### [What this task involves]
Reproduce from the records below, with no pictures, exactly the lines between the one containing "C.P. Company Flatt" and the one containing "Wall Hanging Tassels", inclusive.

### [Entries supplied]
◇ ◇ ◇

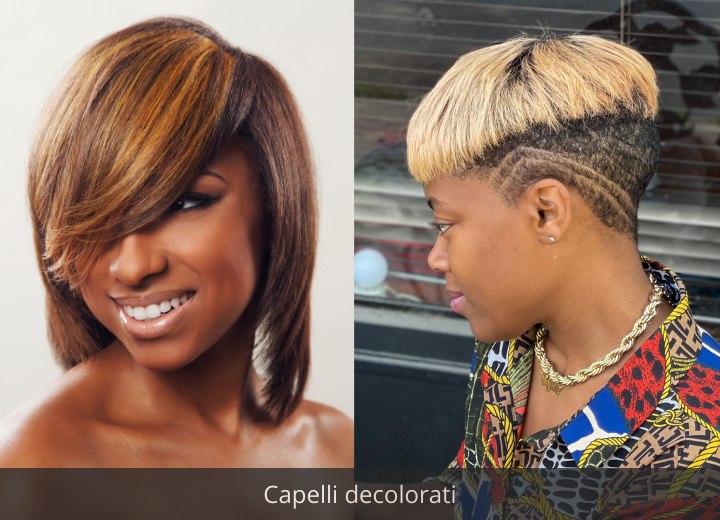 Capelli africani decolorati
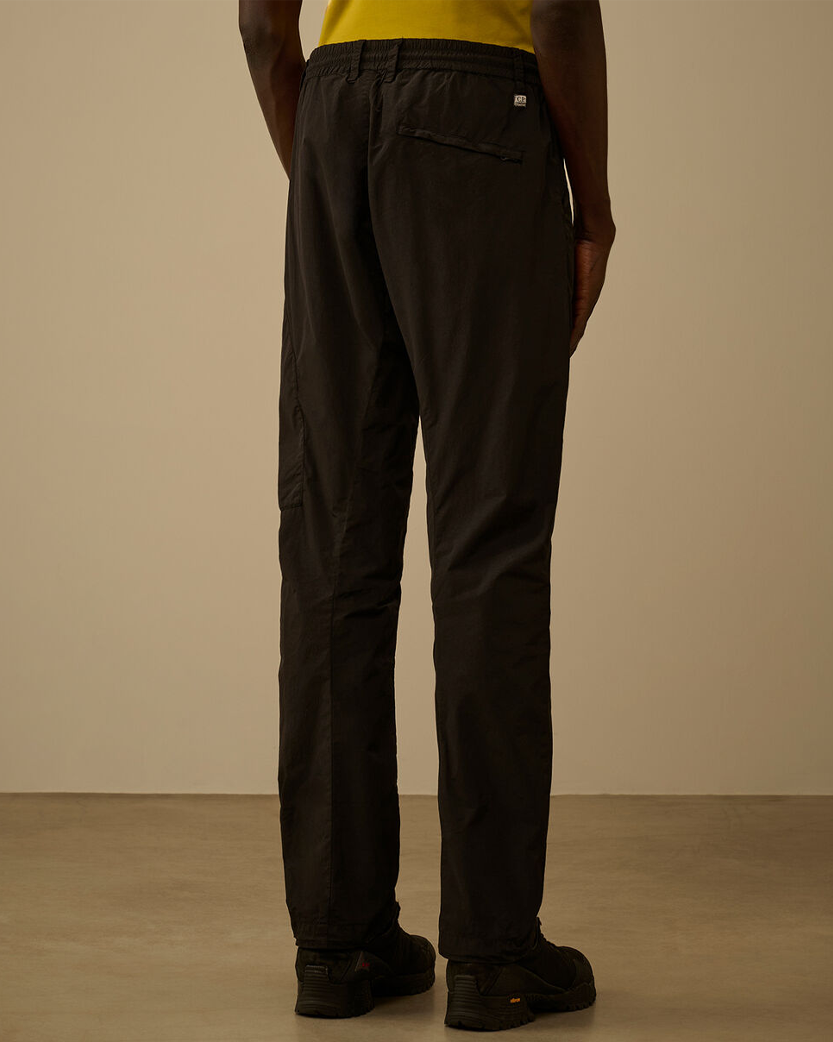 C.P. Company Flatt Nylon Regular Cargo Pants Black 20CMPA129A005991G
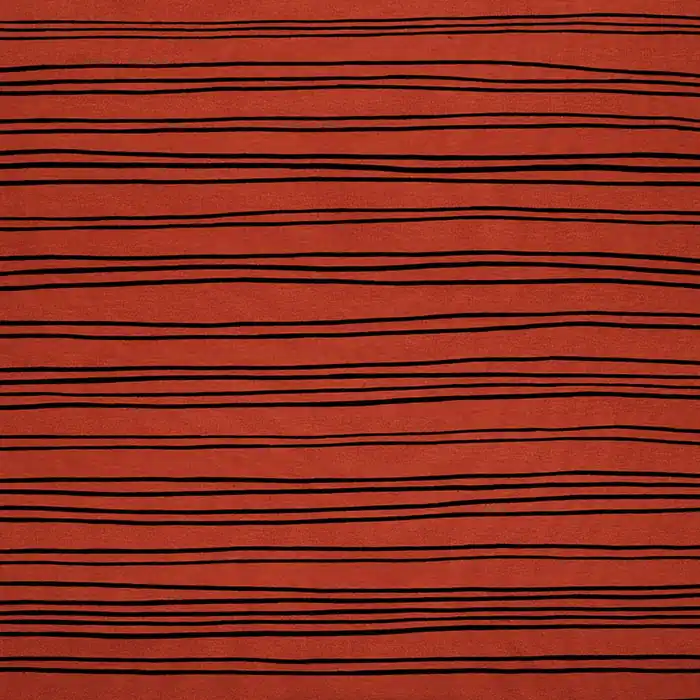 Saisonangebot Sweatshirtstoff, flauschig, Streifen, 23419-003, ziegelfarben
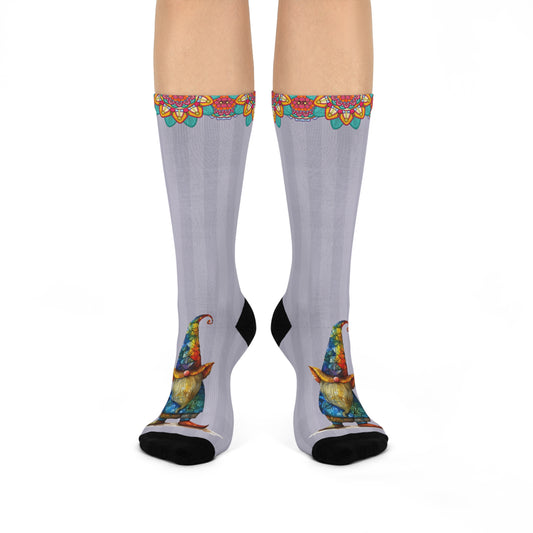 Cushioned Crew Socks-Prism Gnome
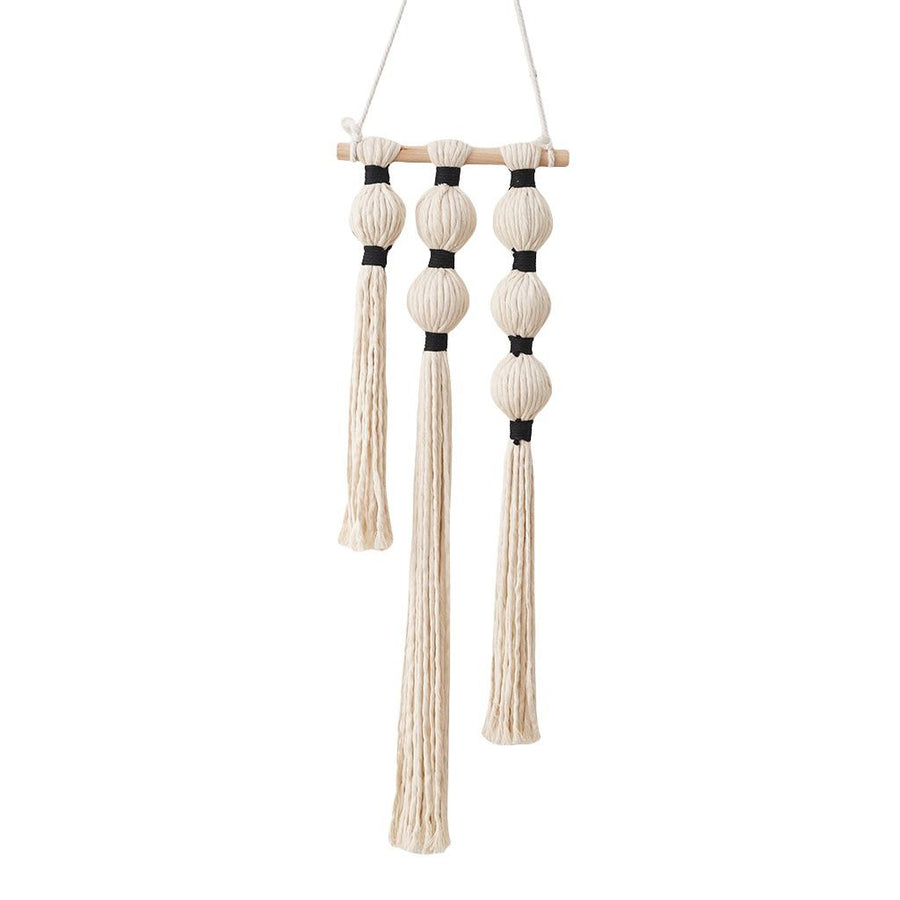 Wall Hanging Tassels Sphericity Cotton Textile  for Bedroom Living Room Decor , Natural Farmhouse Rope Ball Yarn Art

◇ ◇ ◇

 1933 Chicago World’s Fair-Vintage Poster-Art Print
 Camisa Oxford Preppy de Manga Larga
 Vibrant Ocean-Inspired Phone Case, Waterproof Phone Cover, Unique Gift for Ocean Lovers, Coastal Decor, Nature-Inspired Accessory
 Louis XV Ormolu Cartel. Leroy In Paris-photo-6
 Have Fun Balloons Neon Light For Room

◇ ◇ ◇

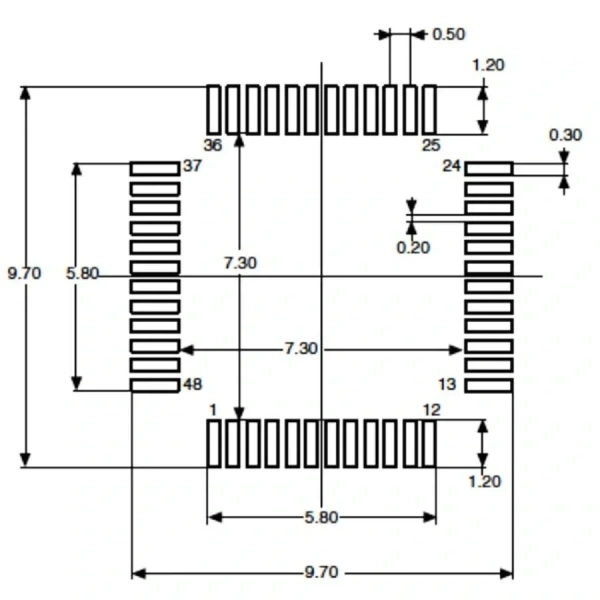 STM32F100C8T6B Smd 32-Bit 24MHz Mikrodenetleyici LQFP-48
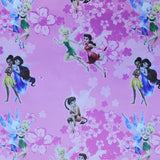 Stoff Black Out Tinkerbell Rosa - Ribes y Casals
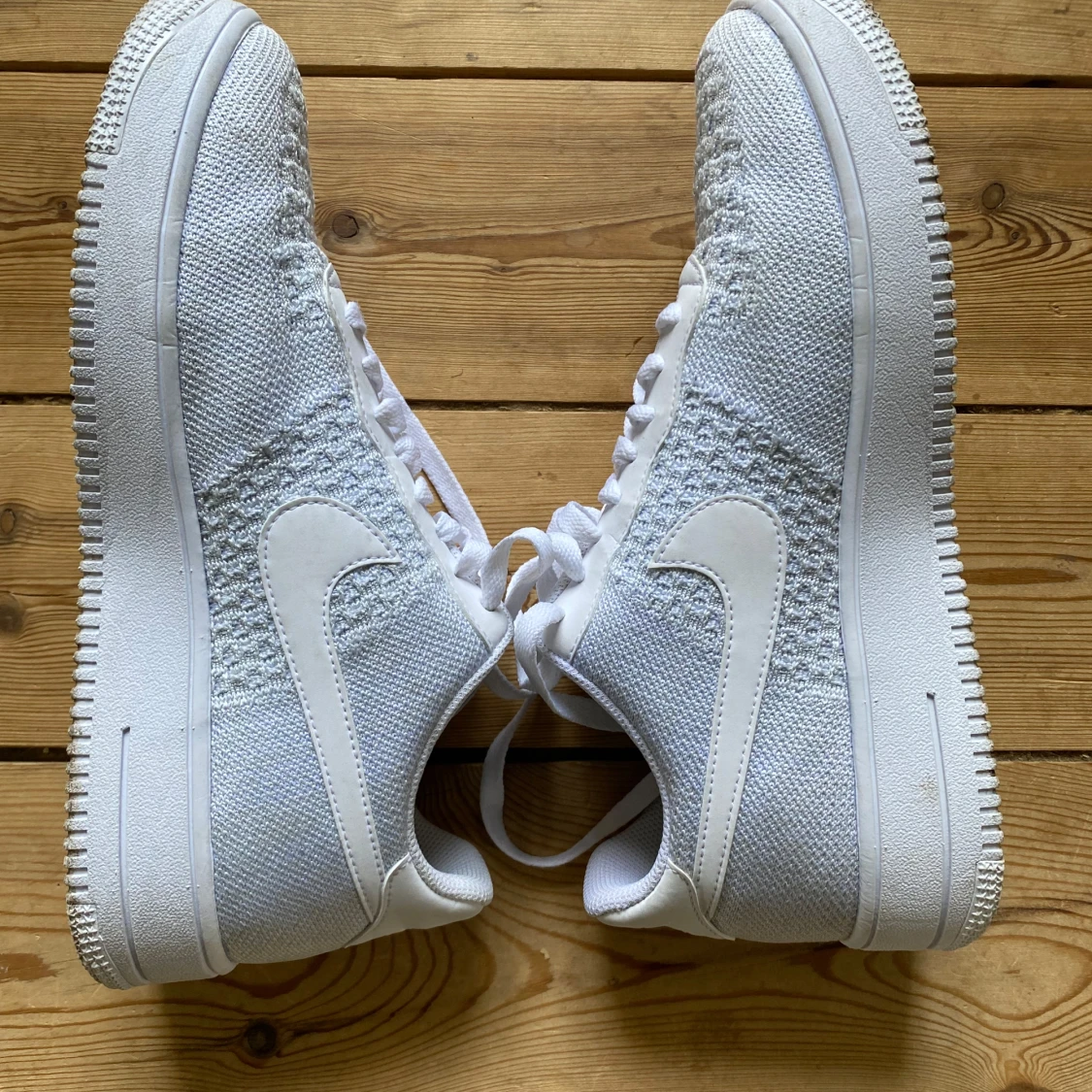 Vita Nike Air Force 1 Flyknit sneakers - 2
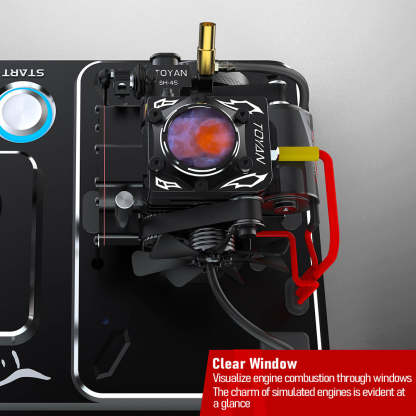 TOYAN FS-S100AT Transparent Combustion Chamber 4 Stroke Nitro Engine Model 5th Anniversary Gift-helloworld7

◇ ◇ ◇

### [Solution for this task]
 C.P. Company Flatt Nylon Regular Cargo Pants Black 20CMPA129A005991G
 Saisonangebot Sweatshirtstoff, flauschig, Streifen, 23419-003, ziegelfarben
 Cushioned Crew Socks-Prism Gnome
 Wall Hanging Tassels Sphericity Cotton Textile  for Bedroom Living Room Decor , Natural Farmhouse Rope Ball Yarn Art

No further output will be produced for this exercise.